EXERCISE PROMPT: Word for word, restate the lines from the one holding "Lavagna magnetica cancellabile" through the last line of the material below, and leave every picture out.
━━ SUPPLIED INFORMATION
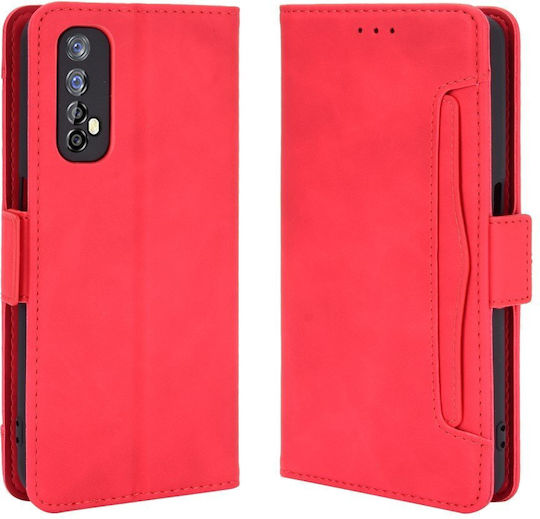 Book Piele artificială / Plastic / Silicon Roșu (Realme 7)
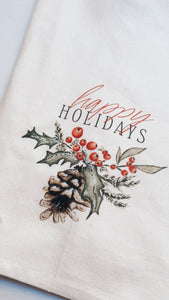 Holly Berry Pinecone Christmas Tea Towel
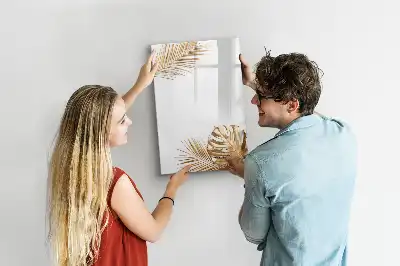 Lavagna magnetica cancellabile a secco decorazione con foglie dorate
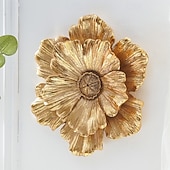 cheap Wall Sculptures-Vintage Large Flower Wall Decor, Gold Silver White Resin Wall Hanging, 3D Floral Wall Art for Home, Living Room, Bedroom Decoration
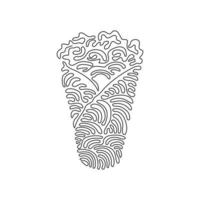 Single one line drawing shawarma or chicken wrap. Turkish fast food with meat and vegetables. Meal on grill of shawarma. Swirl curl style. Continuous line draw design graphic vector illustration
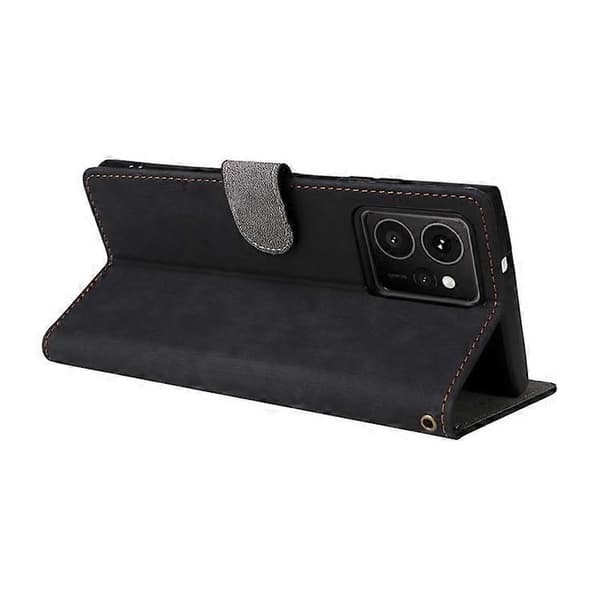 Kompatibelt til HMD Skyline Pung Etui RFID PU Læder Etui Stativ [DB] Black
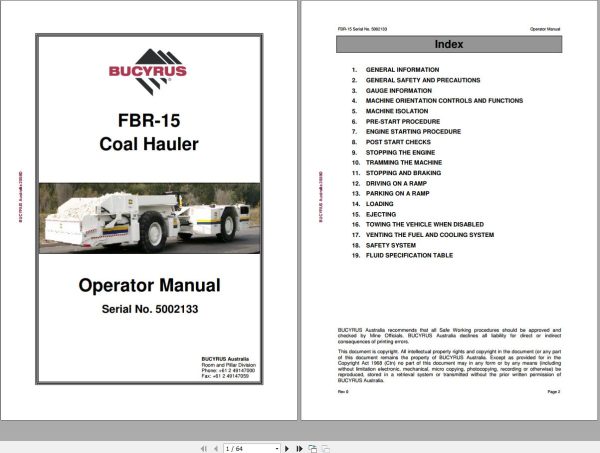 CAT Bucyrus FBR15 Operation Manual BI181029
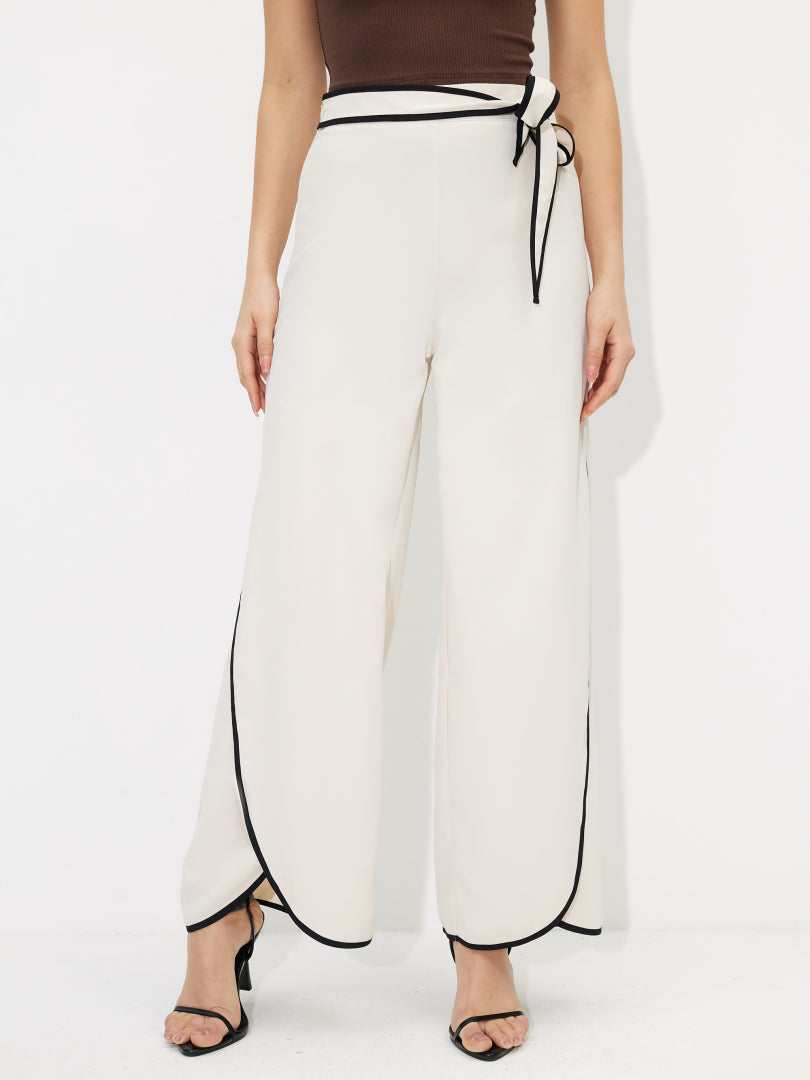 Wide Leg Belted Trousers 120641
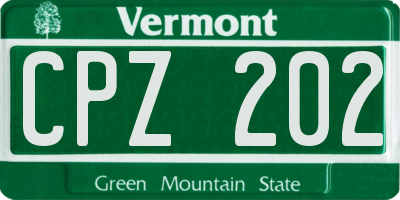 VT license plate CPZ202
━━━━
TASK ANSWER:
 Lavagna magnetica cancellabile a secco decorazione con foglie dorate
 cheap Wall Sculptures-Vintage Large Flower Wall Decor, Gold Silver White Resin Wall Hanging, 3D Floral Wall Art for Home, Living Room, Bedroom Decoration
 Single one line drawing shawarma or chicken wrap. Turkish fast food with meat and vegetables. Meal on grill of shawarma. Swirl curl style. Continuous line draw design graphic vector illustration
 Kompatibelt til HMD Skyline Pung Etui RFID PU Læder Etui Stativ [DB] Black
 CAT Bucyrus FBR15 Operation Manual BI181029
 Wide Leg Belted Trousers 120641
 VT license plate CPZ202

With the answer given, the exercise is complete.